■ **EXERCISE DATA**:
Start of Block

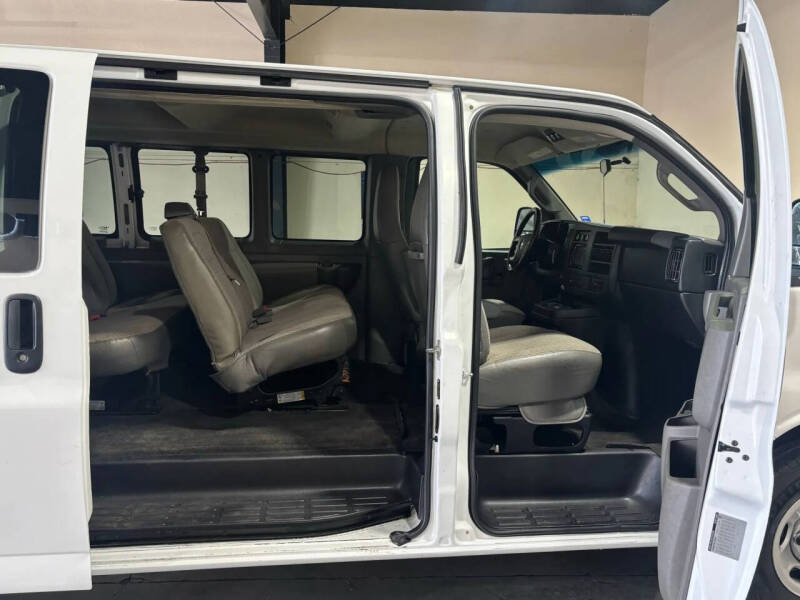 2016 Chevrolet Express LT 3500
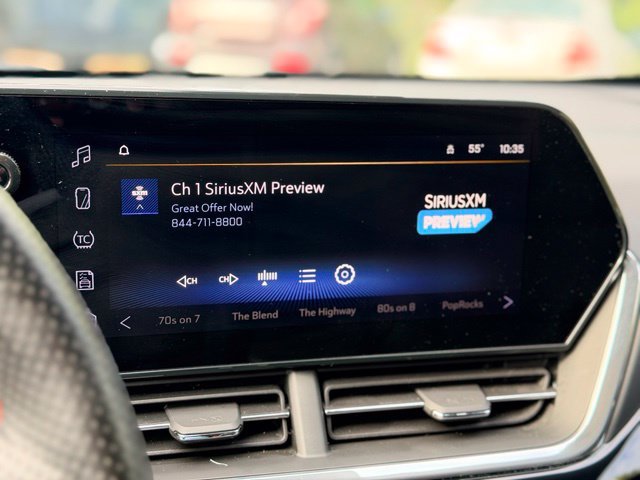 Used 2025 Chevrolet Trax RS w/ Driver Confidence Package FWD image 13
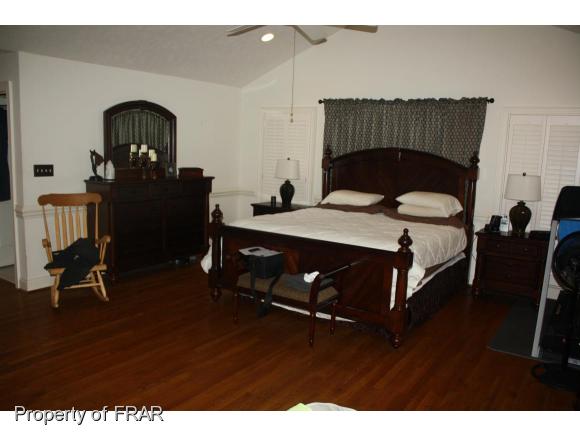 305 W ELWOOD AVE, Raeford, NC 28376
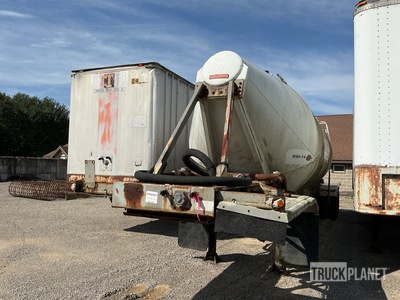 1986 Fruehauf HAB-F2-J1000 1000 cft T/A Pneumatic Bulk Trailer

End of Block
Start of Block

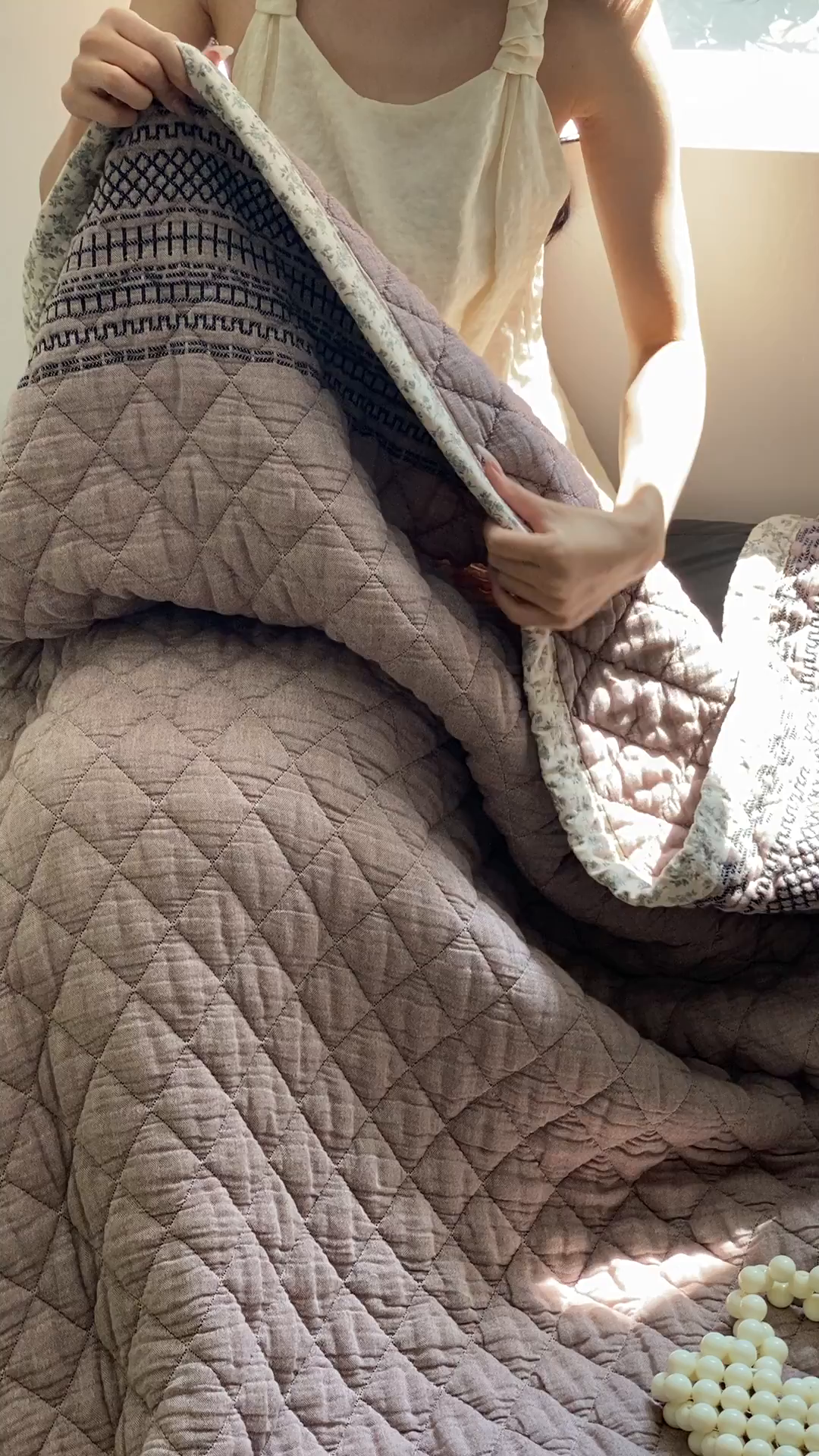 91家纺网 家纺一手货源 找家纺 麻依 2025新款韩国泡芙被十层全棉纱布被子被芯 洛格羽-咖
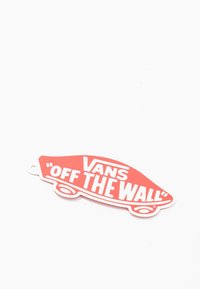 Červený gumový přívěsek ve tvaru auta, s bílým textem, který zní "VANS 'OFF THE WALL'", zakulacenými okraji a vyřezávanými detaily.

End of Block
Start of Block

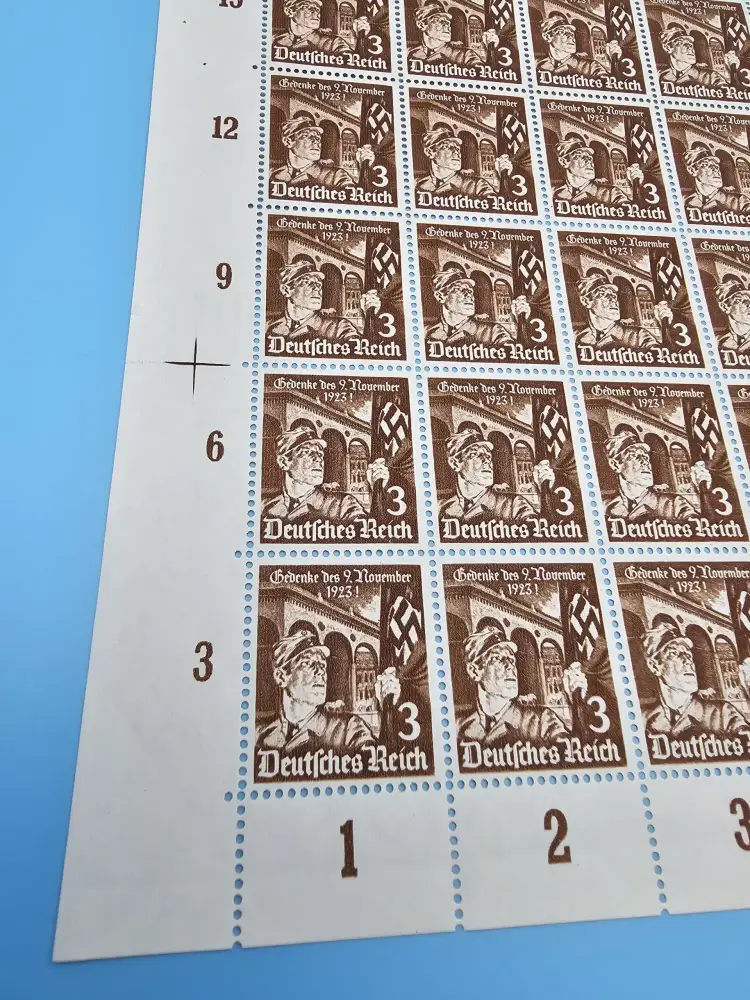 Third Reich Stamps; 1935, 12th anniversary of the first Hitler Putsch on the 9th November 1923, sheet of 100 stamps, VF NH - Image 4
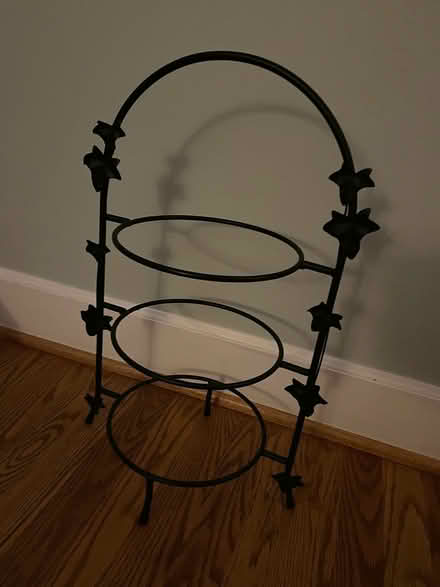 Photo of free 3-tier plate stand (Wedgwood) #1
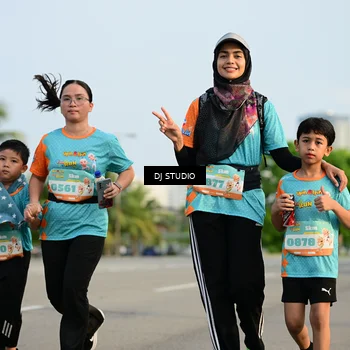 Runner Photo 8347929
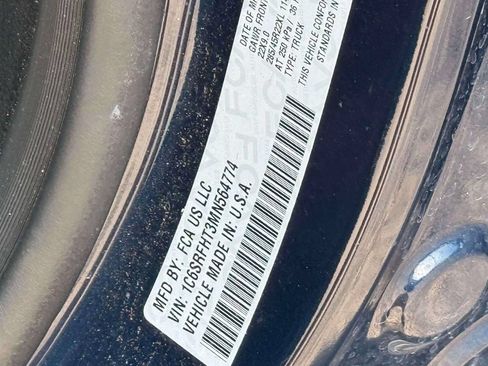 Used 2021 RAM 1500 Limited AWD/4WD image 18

End of Block

■ **THE TASK**: Reproduce the data above exactly, but only from the line containing "Used 2025 Chevrolet" through the line containing "1986 Fruehauf HAB-F2-J1000". Omit all pictures.

■ **TASK OUTPUT**:
 Used 2025 Chevrolet Trax RS w/ Driver Confidence Package FWD image 13
 305 W ELWOOD AVE, Raeford, NC 28376
 1986 Fruehauf HAB-F2-J1000 1000 cft T/A Pneumatic Bulk Trailer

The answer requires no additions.